**Work to be completed:**
Make an exact copy, without pictures, of the lines below from the one containing "Wahl Premium Pet" to the last line, both ends included.

**Material provided:**
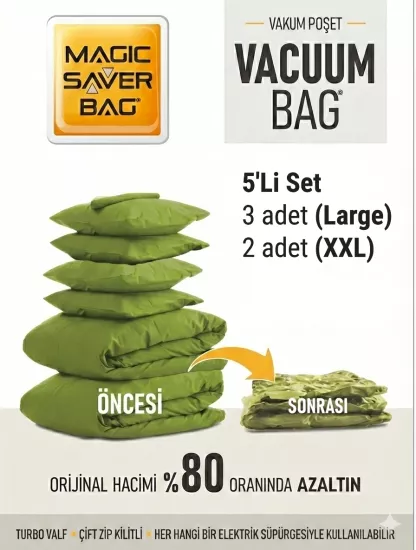 5 Adet (3 L +2 XXL ) Vakumlu Poşet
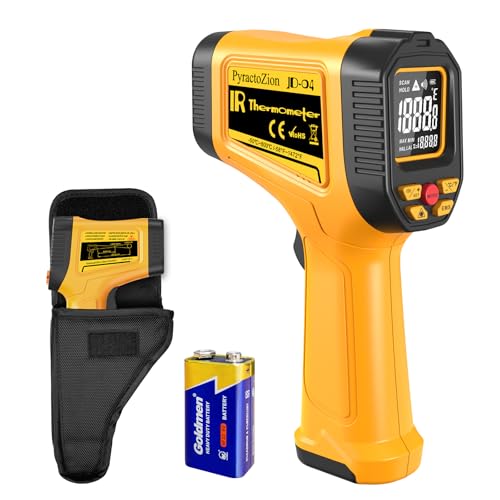 Infrared Thermometer Gun, -58℉ to 1472℉ (-50℃～800℃), High Precision Non-Contact Laser Temperature Gun with Backlit LCD, IR Thermometer for Cooking, Pizza Oven, Automotive, Industrial Use - color: Tangerine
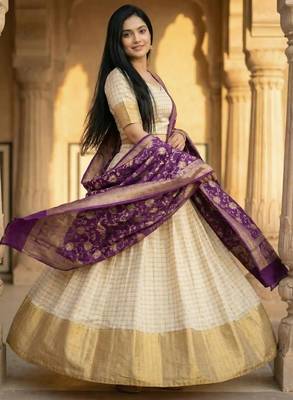 Pure Munga Silk Unstitched Banarasi Lehanga Set in Cream Colour with Blouse 3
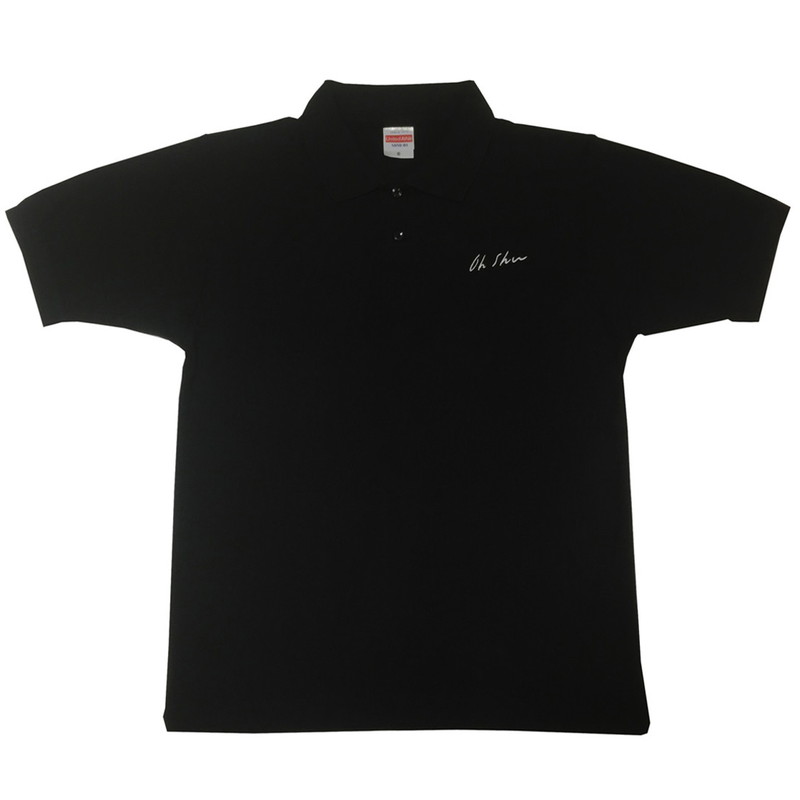 王舟 logo 刺繍 ポロシャツ（ブラック）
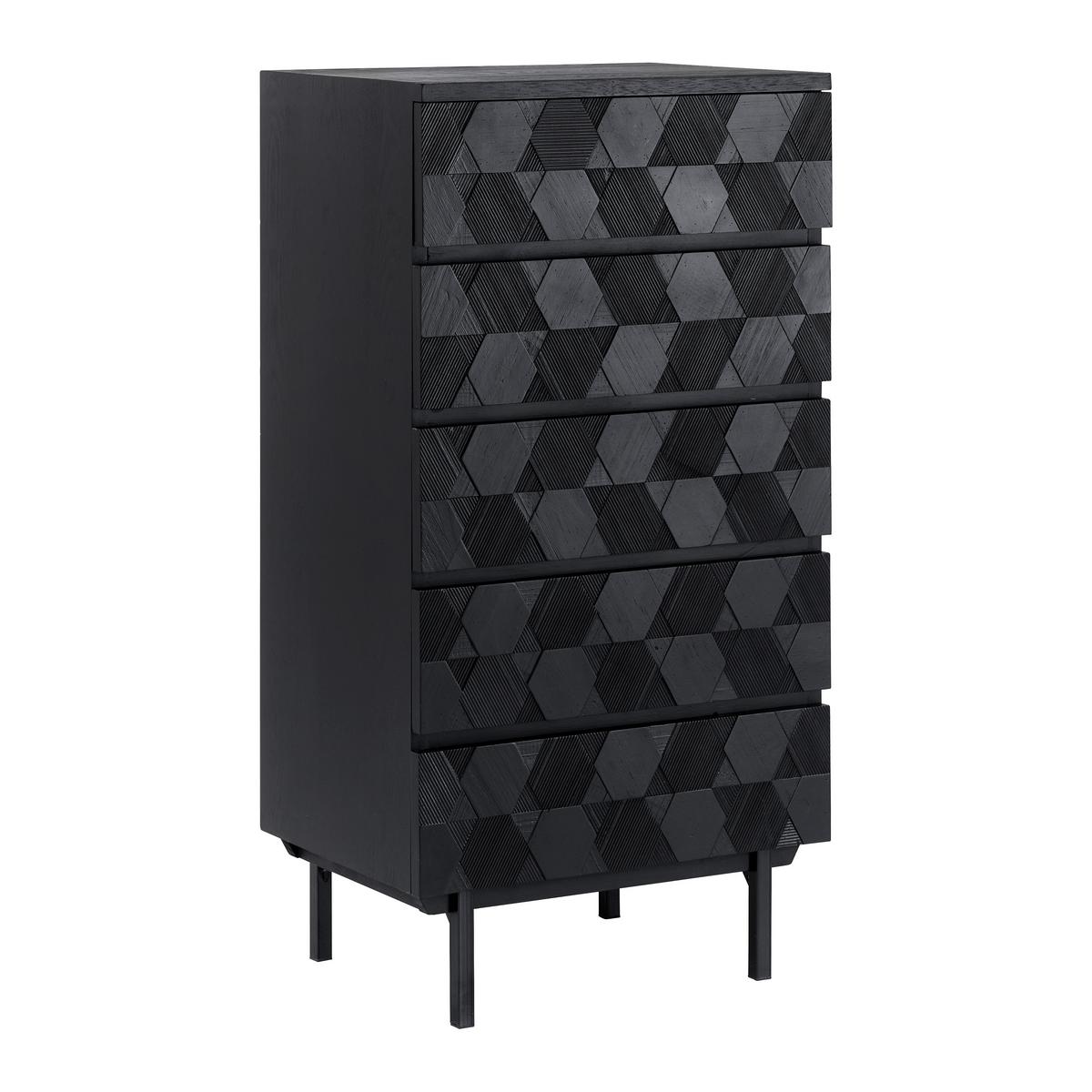 Kommode Roma ca. 54x130 cm MDF Schwarz - Schwarz, MODERN, Holz/Metall (54/103/39cm) - Bessagi Home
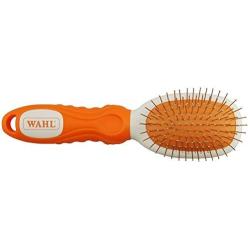 Wahl Premium Pet Double Sided Medium Pin Bristle Brush, Ergonomic Brush with Ergonomic Rubber Grips for Comfortable Brushing and Finishing Coats of Dogs and Cats – Model 858413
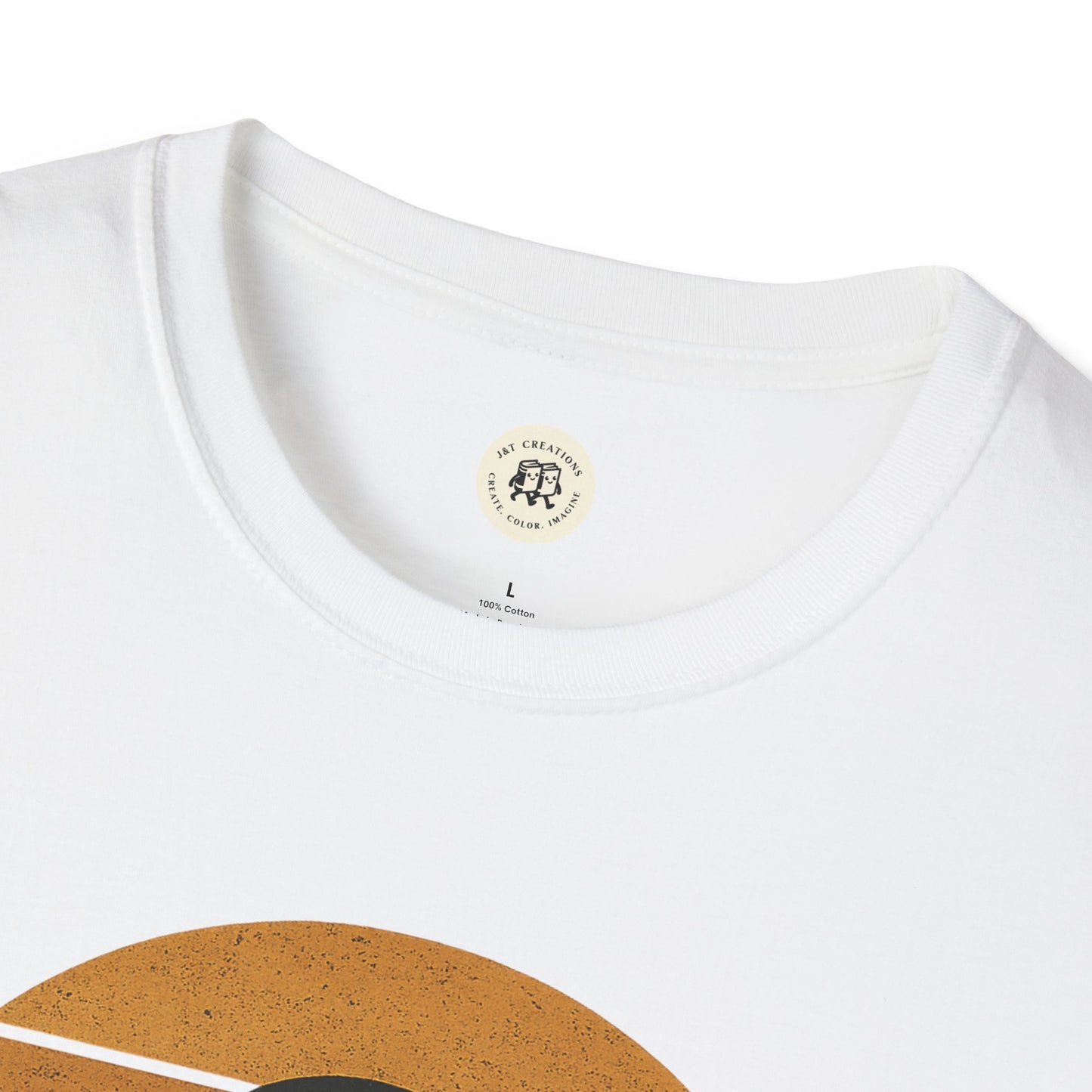 Close-up of Printify white retro UFO t-shirt showing collar and part of vintage-style UFO graphic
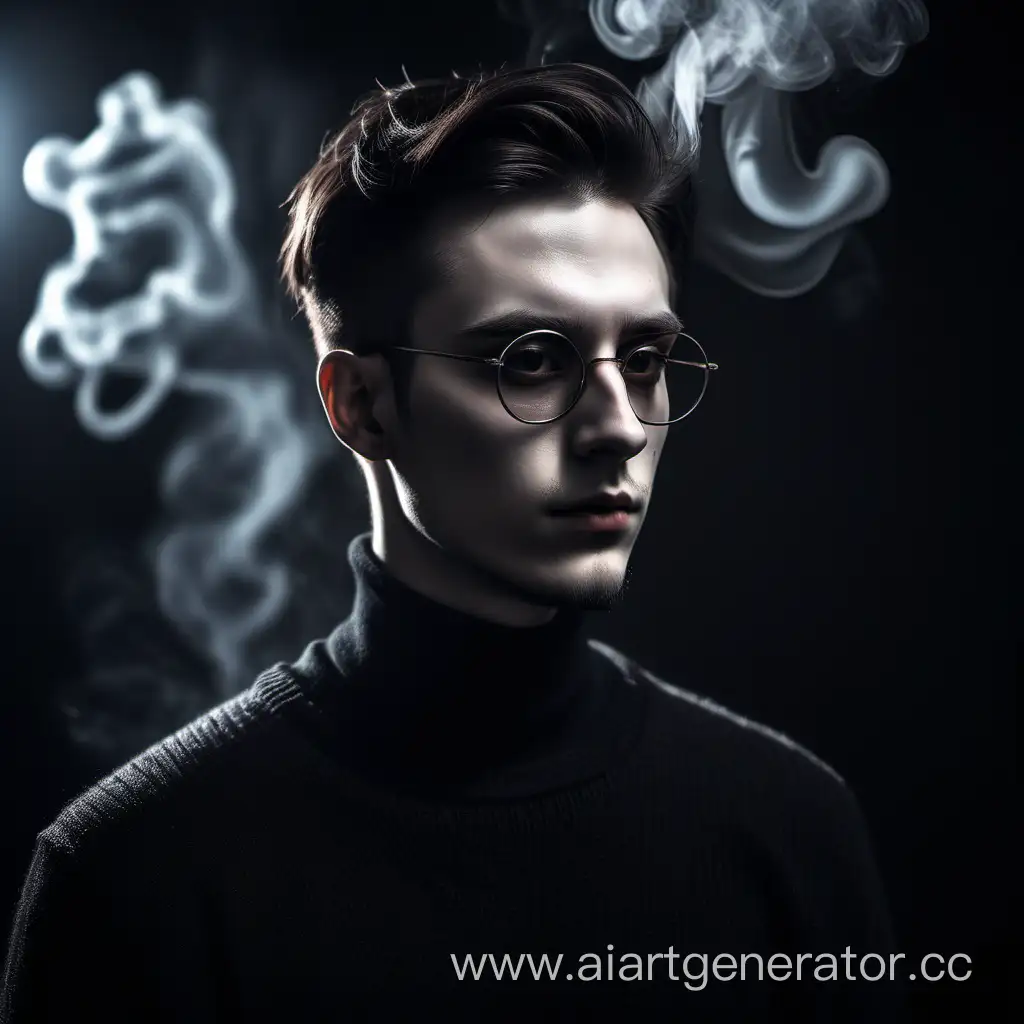 Gothic-Portrait-Mysterious-Young-Man-in-Dark-Attire-with-Smoky-Background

**Solution for this task:**
 Wahl Premium Pet Double Sided Medium Pin Bristle Brush, Ergonomic Brush with Ergonomic Rubber Grips for Comfortable Brushing and Finishing Coats of Dogs and Cats – Model 858413
 Close-up of Printify white retro UFO t-shirt showing collar and part of vintage-style UFO graphic
 Gothic-Portrait-Mysterious-Young-Man-in-Dark-Attire-with-Smoky-Background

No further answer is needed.